**Work to be completed:** The answer must reproduce exactly the lines from the one with "New 2027 Ford" through the end of the material, and it must contain no pictures.

**Material to process:**
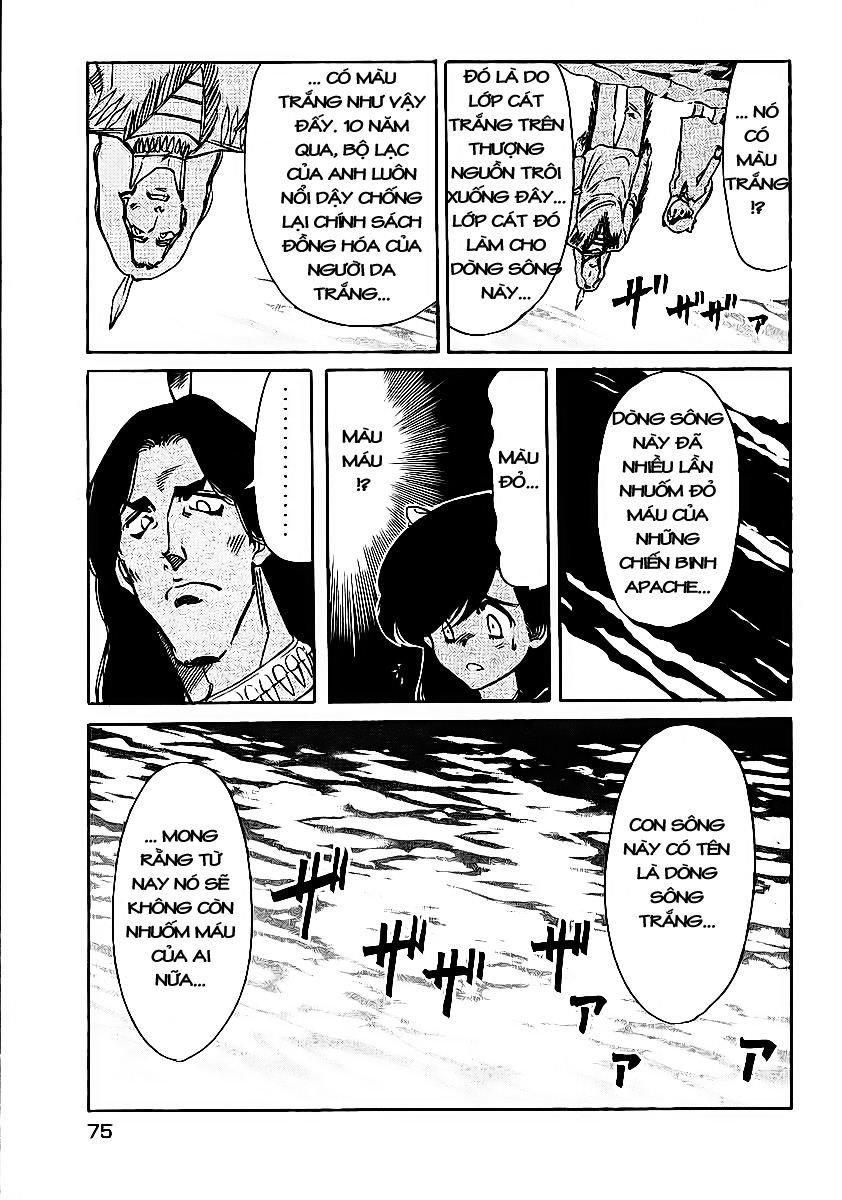 Red Living On The Edge: Chapter 50
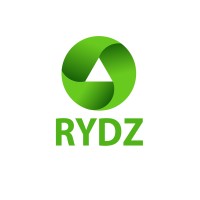 Rydz_Online_Taxi & Auto_Booking_App logo - Similar company to Gereeb - The Taxi Booking App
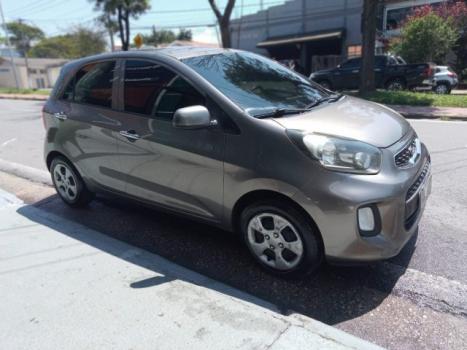KIA Picanto 1.0 12V 4P FLEX EX, Foto 6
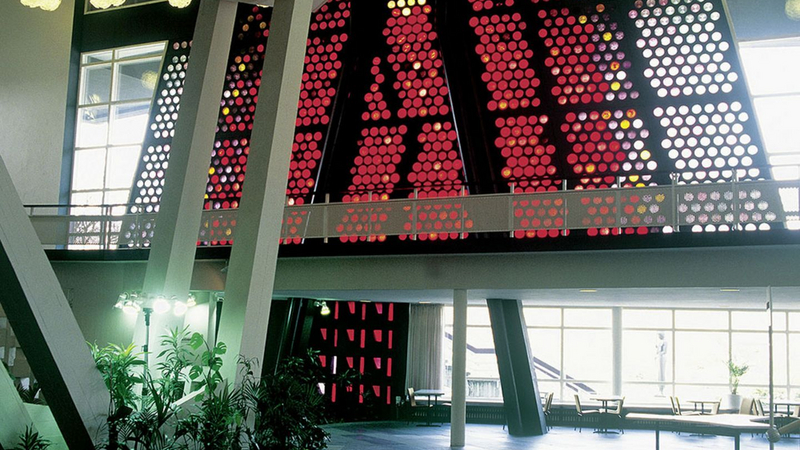 Foyer Philharmonie | Copyright: © Archive Berliner Philharmoniker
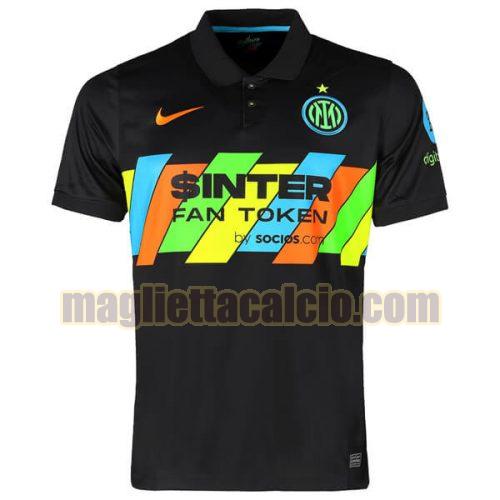 maglia inter milan uomo terza 2021-2022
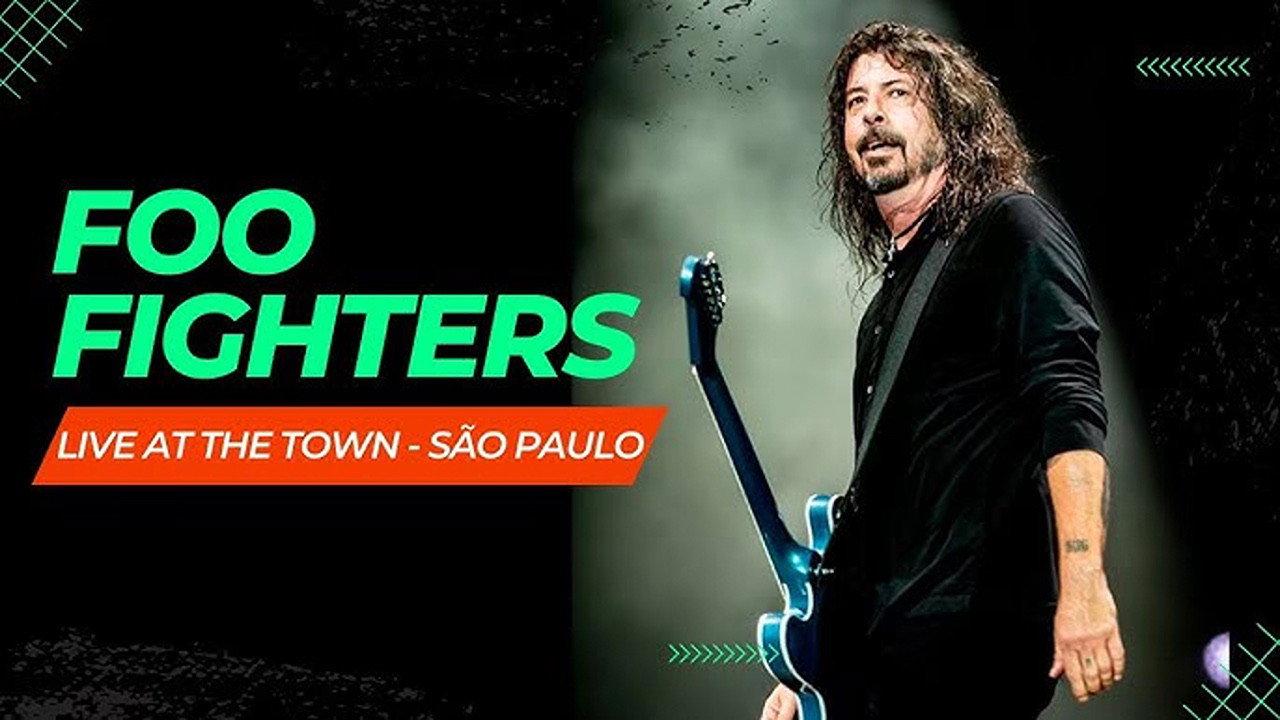 Foo Fighters - Live At The Town 2023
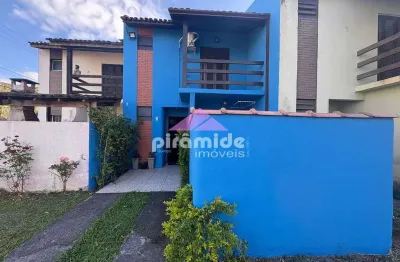 Casa em condomínio fechado com 2 quartos à venda no Prainha, Caraguatatuba 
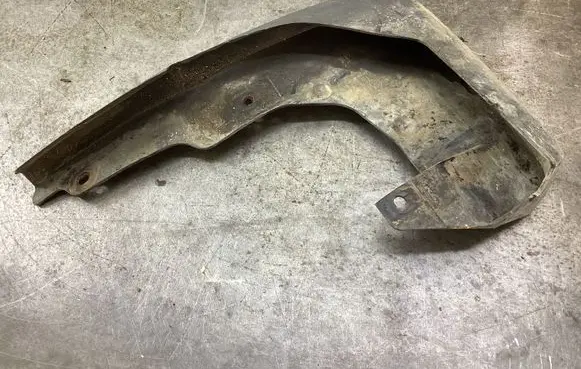 Honda CR-V Front mudguard 75800SWW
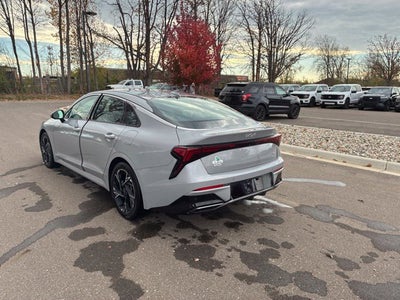 2025 Kia K5 GT-Line AWD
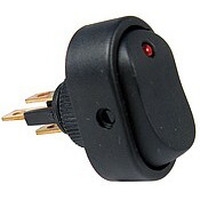 L-RD OBL RKR 25A/12V .5MT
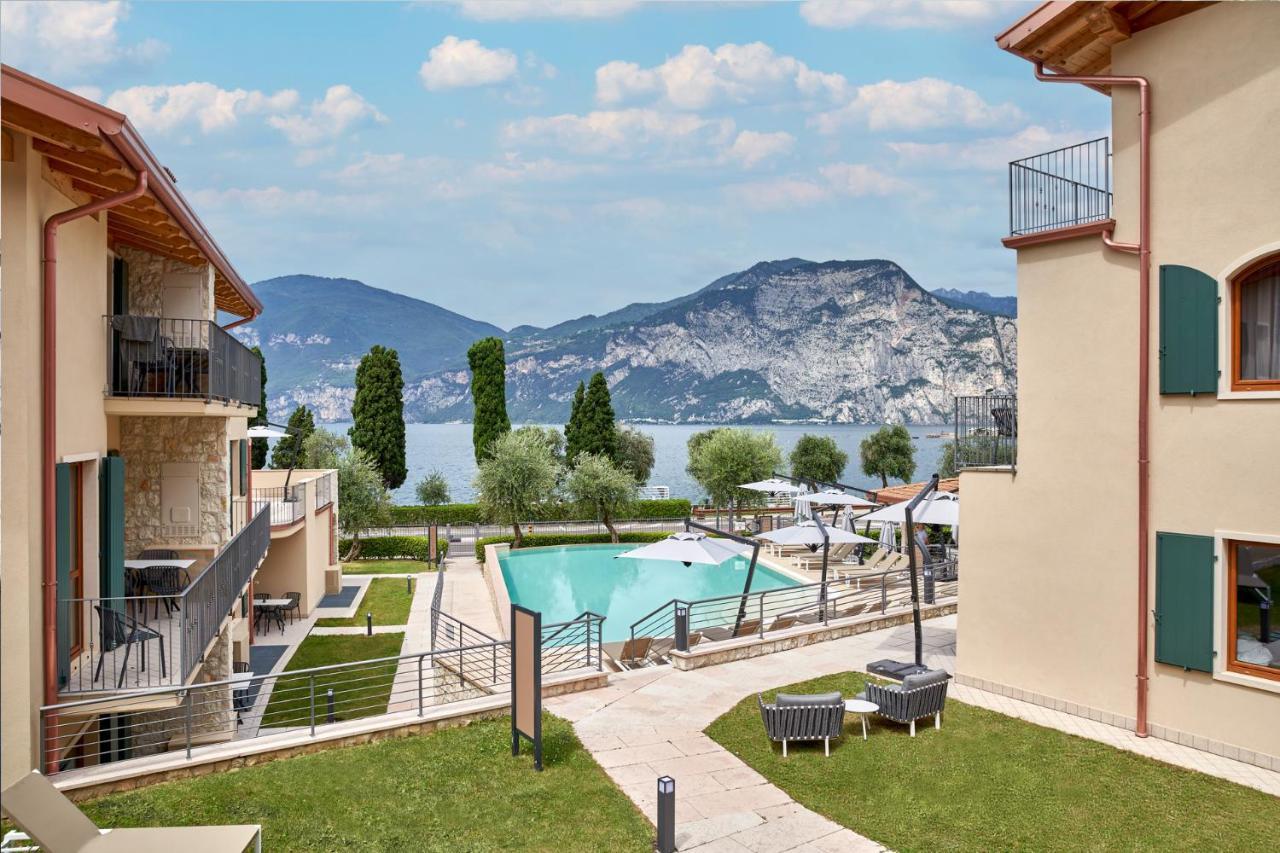 June Stay Lake Garda Brenzone sul Garda Exterior photo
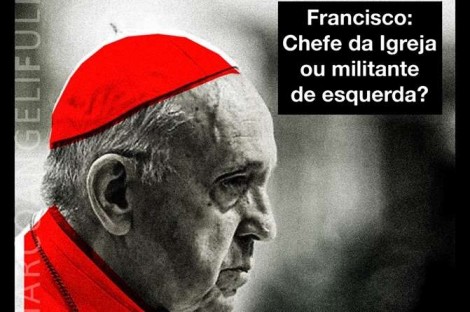 Papa ou militante?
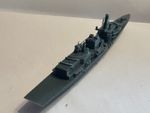 HMS Norfolk (F230) – Type 23 Frigate | 3D Printed Resin Model | Royal Navy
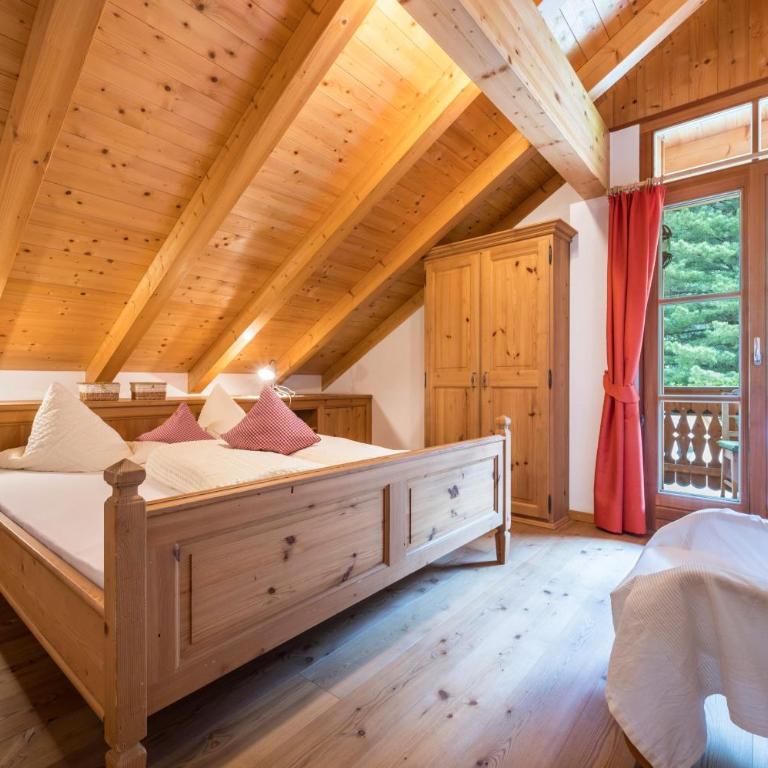 Mitterbruggehof Apt Silberdistel - Appartamento Superior con 1 Camera da Letto e Balcone - 2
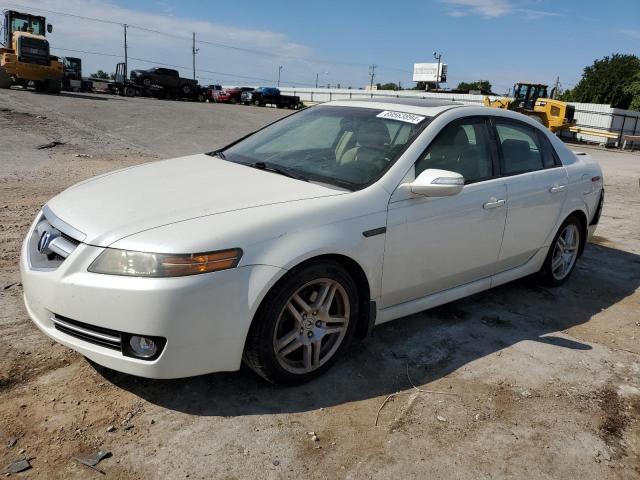  Salvage Acura TL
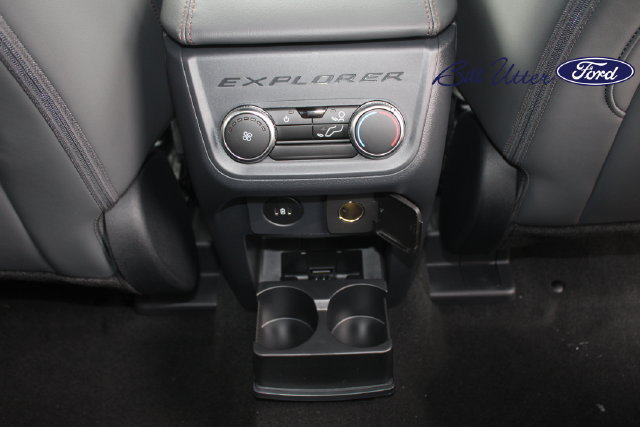 New 2027 Ford Explorer Active w/ Active Comfort Package RWD image 11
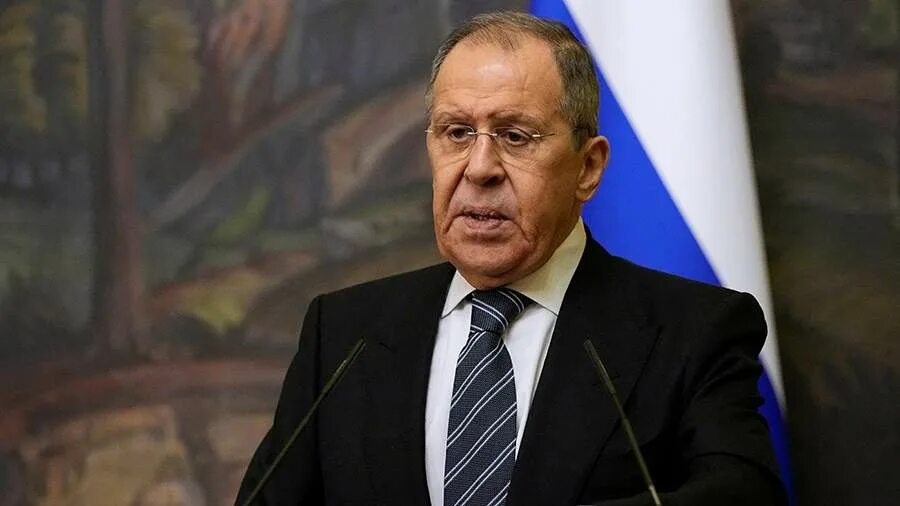 Александр лавров фото Лавров назвал заявления Москвы, Еревана и Баку ключом к решению проблем Новости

**Result:**
 New 2027 Ford Explorer Active w/ Active Comfort Package RWD image 11
 Александр лавров фото Лавров назвал заявления Москвы, Еревана и Баку ключом к решению проблем Новости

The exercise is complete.